The follow up to the first Tannie Maria mystery, Recipes for Love and Murder, this sophomore entry started off with the same lyrical voice and fabulous atmosphere, but a very disjointed plot.

As the synopsis says, the satanic mechanic is a counsellor specialising in PTSD, whom Tannie Maria consults about her past as an abused spouse.  But he doesn’t make an entrance into the story until Chapter 24, page 92. In the meantime, the book starts almost immediately with the murder of a tribal man whose tribe just won a major land case against a diamond mining company and a cattle company.  He’s poisoned right in front of Tannie Maria and her now-boyfriend Henk, the chief detective.  Her experience with food and cooking gives her the ability to spot how he was poisoned and this opens a rift between her and Henk.
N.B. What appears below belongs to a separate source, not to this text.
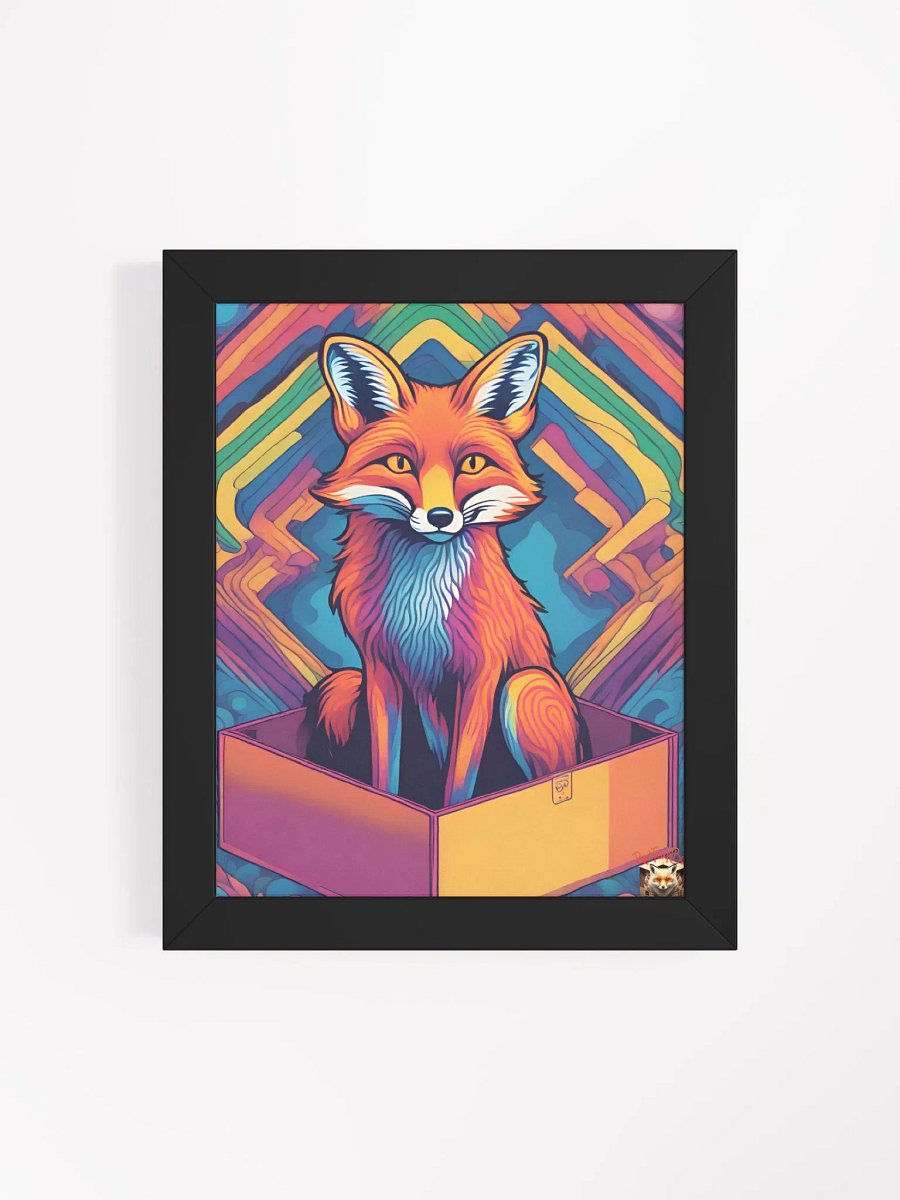 glossy Hi quality framed poster product image (4)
This murder has, seemingly, nothing to do with the satanic mechanic, but his reputation as a suspected former satanist makes everybody suspicious, though Tannie Maria finds her group sessions to be the only thing that’s helped her to date, and several incidents, including another murder in the middle of a group session keeps the focus on the titular character.

Everything comes together in the end, but the journey is not, from a writing perspective, a smooth one.  The connections revealed at the end make complete sense, but getting there was a clumsy exercise in plotting.

The romance started off a bit sweet – in a good way – but veered into the eye-rolling with Henk’s manufactured drama.  I realise attractiveness is entirely subjective, but the author seems to delight in creating male characters that not only defy common stereotypes of attractiveness, but are firmly planted as far away from them as realistically possible.  But perhaps I’m totally wrong, and waxed handlebar moustaches and hirsute men are what’s hot in South Africa.  It matters little, as the characters are all well drawn with magnetic, if not attractive, personalities.

Once again though, what pretty much kept me glued to the page is the evocative atmosphere of the Klein Karoo and the little side stories that develop from letters written to Tannie Maria in her role as Advice and Recipe columnist.  I also enjoyed the somewhat spiritual, somewhat hallucinogenic connections with the African wildlife.

A lot of these first two books is built around Tannie Maria as a victim of spousal abuse (the spouse is dead when the series begins), but by the end of this book, she’s well on her way to putting herself back together, which makes me curious about what kind of book the third one will be.  It’s out now, but my library doesn’t currently have it.  Might have to go on the to-buy list for 2022.